**Activity:**
Leave out any picture and return the remaining listing below exactly as given.

**Dataset extract:**
# # #

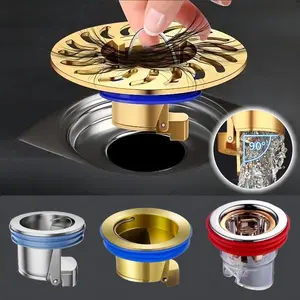 Floor Strainer Drain Brass / Katup Penutup Saluran Air Saringan Pembuangan / Dapur Penutup Lubang Saluran Air Kamar Mandi / Strainer Drainase Anti Bau Anti Serangga
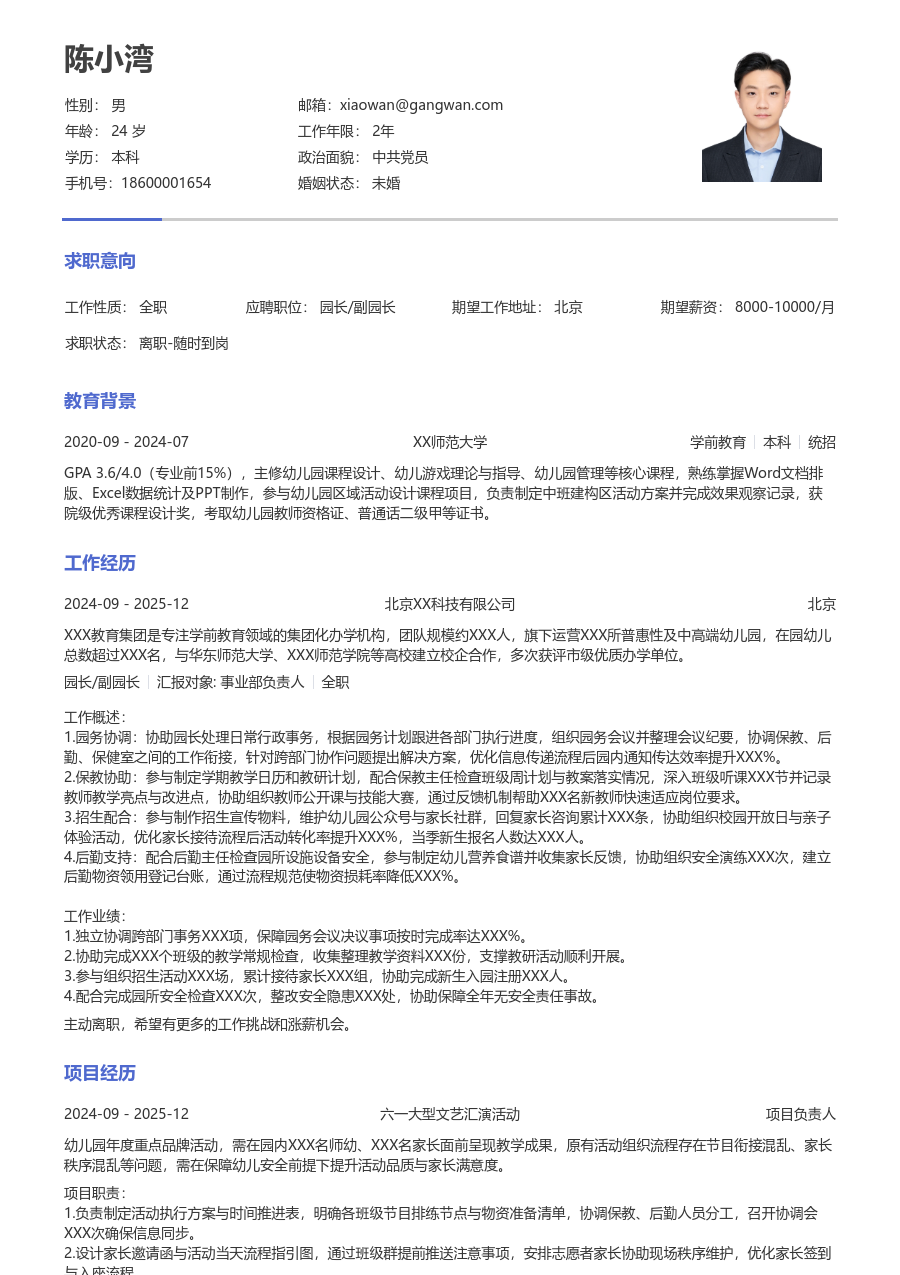 1年内经验园长/副园长简历模板（简单样式）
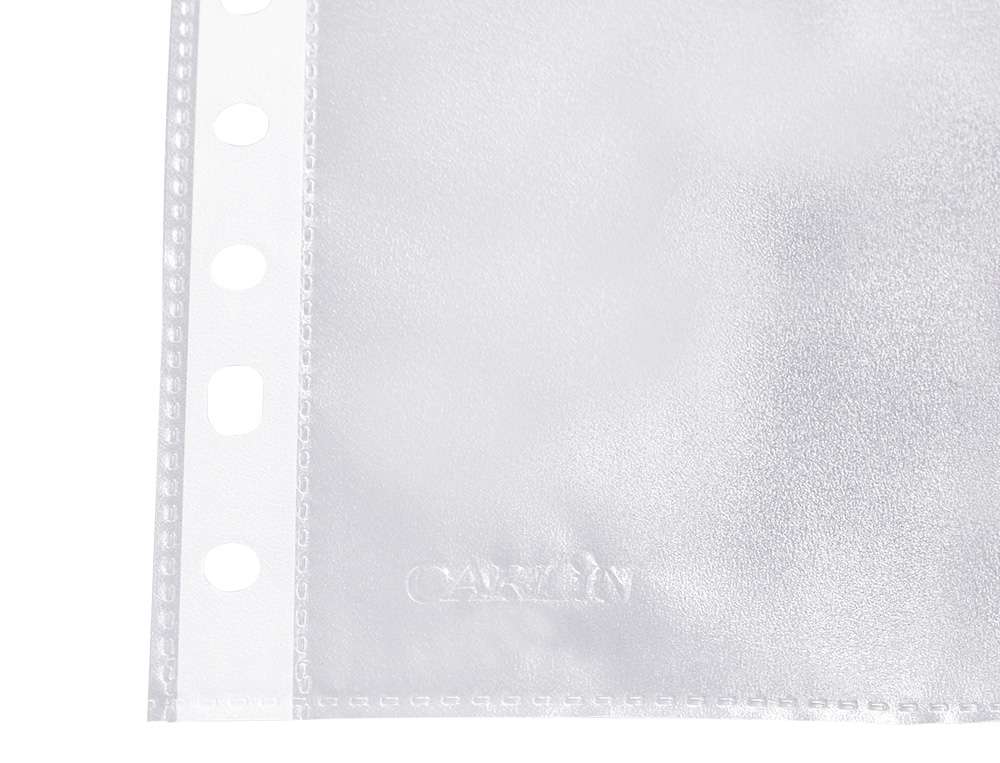 FUNDA MULTITALADRO CARLIN POLIPROPILENO DIN A4 STANDARD 16 TALADROS CAJA DE 100 UNIDADES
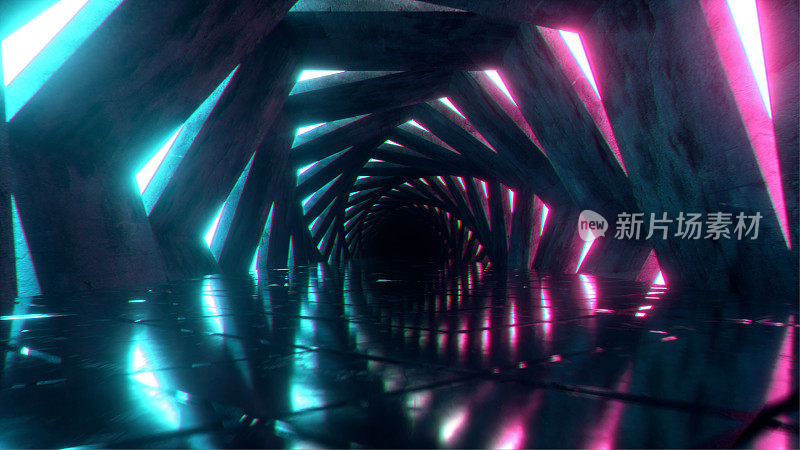 穿过霓虹闪烁的旋转六边形走廊。蓝、红、粉、紫光谱，隧道中的荧光紫外光，现代彩色照明，3d插图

# # #

**Finished exercise:**
 Floor Strainer Drain Brass / Katup Penutup Saluran Air Saringan Pembuangan / Dapur Penutup Lubang Saluran Air Kamar Mandi / Strainer Drainase Anti Bau Anti Serangga
 1年内经验园长/副园长简历模板（简单样式）
 FUNDA MULTITALADRO CARLIN POLIPROPILENO DIN A4 STANDARD 16 TALADROS CAJA DE 100 UNIDADES
 穿过霓虹闪烁的旋转六边形走廊。蓝、红、粉、紫光谱，隧道中的荧光紫外光，现代彩色照明，3d插图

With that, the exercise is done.